NB Naturalist Feature: Newly Recorded Tapeworms Infecting Fishes of New Brunswick and the Need for Citizen Science!

By Megan Fraser

Parasites are organisms that live on or inside of a host organism; the host suffers some level of harm and the parasite benefits (Loker & Hofkin 2015). Parasitism is a common symbiotic lifestyle, and parasites are present in every kingdom of life in many shapes and sizes. Almost all plants and animals are hosts to one or more parasitic organisms. The study of parasites and their hosts is known as parasitology, and the study of parasitic worms specifically is termed helminthology. Parasitic worms belong to a group of parasites called “helminths”, which includes classes such as the nematodes (roundworms), trematodes (flukes), and cestodes (tapeworms). Helminths can be ectoparasites which are specialized to live on the outside of their host, or endoparasites which live inside of their host. To the average person the word “tapeworm” evokes many emotions, mostly those of disgust and repulsion. As odd and admittedly disturbing as tapeworms are, they are fascinating, nonetheless. Not only do tapeworms rob their host of nutrients; some species also modulate their host’s behavior, immune system, and reproductive fitness. Fish are no strangers to helminth infections, with an estimated 30,000 helminth species infecting fish worldwide (Jyrwa et al. 2016)!

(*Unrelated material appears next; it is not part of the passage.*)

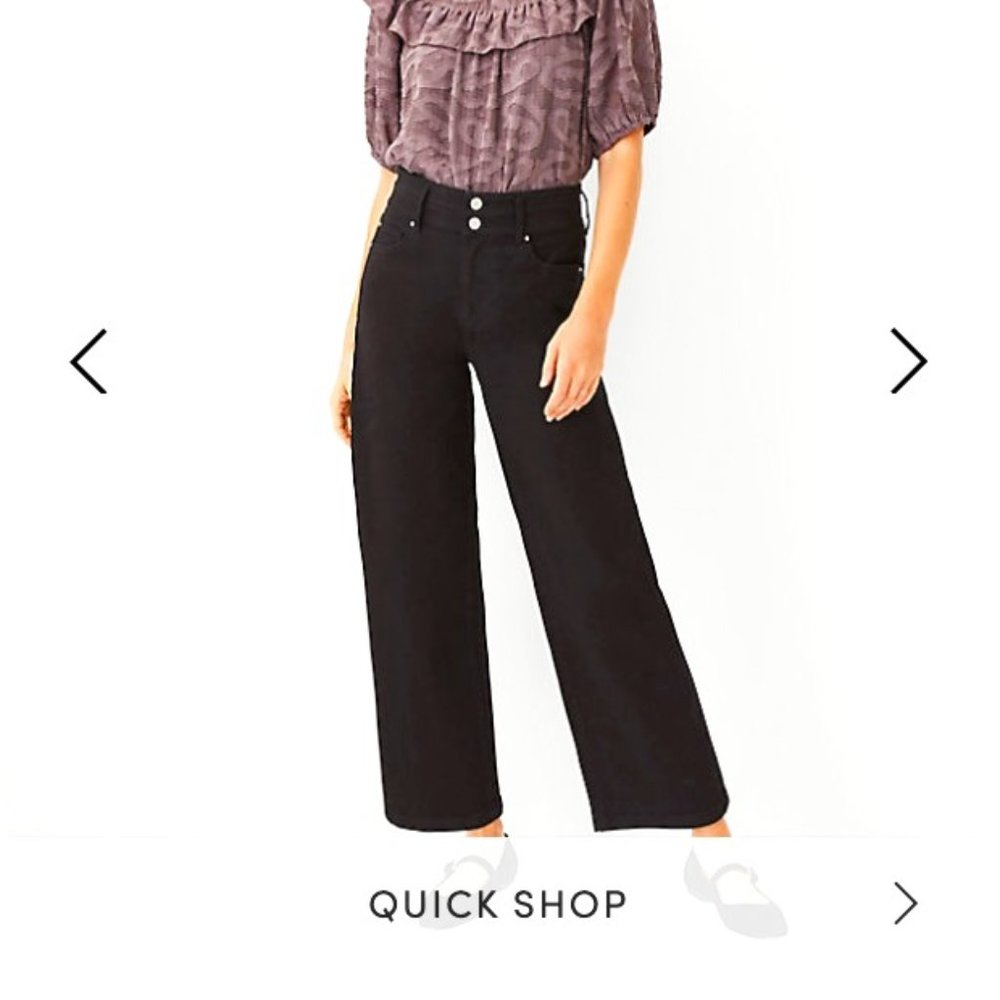 Wide Leg Ankle, High Rise Black Jeans - CUTE!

I was given the opportunity to dive into the field of helminthology after several tapeworms retrieved from fish in New Brunswick were sent to Parasitologist Dr. Michael Duffy (UNBF) and passed along to me for identification. Species level identification of tapeworms is difficult, especially during their larval stages. Tapeworms have few distinctive morphological features, and some species infect multiple host fish, so host identity cannot be used for specific cestode identification. Species level identification is further complicated by the fact that many tapeworms are yet to be discovered and named!

Figure 1. Segmented tapeworms retrieved from Slimy sculpin hosts in northern New Brunswick in 2017. Specimens were collected by Dr. Michelle Gray and her research team. Photo credit: Megan Fraser 2022.
Figure 2. Unsegmented tapeworms retrieved from a southern New Brunswick Lake in 2021 and 2022. 2021 specimens were discovered by Ben Andrews and Sarah Van De Reep. Photo credit: Ben Andrews 2021 (right) and Megan Fraser 2022 (left).

Tapeworms were recently collected from fish from two separate locations in New Brunswick (Fraser et al. 2023). The first set was retrieved in 2017 from Slimy sculpin in northern New Brunswick, during unrelated investigations on the impacts of forest management on fish health (White 2020, Negrazis et al. 2022). The second set was collected in 2021, following liberation from their host during a fish survey in southern New Brunswick. More of these tapeworms were retrieved from Blacknose dace at the same location in 2022. Upon comparison of the northern and southern parasite specimens two morphological features were obvious; the worms from northern New Brunswick were segmented and relatively short (Figure 1); and the worms from southern New Brunswick were unsegmented and relatively long (Figure 2). Given these morphological differences, I knew that I was dealing with two separate parasite species. I proceeded by collecting a small piece from the tip of each worm and extracting DNA. Upon comparing the DNA to that of all the known tapeworms available in a large genetic sequence database (GenBank), I made two discoveries:

1. The worms from northern New Brunswick have 89-92% identity with tapeworms of the Schistocephalus genus, confirming that these worms belong to the Schistocephalus genus, and are potentially a new species.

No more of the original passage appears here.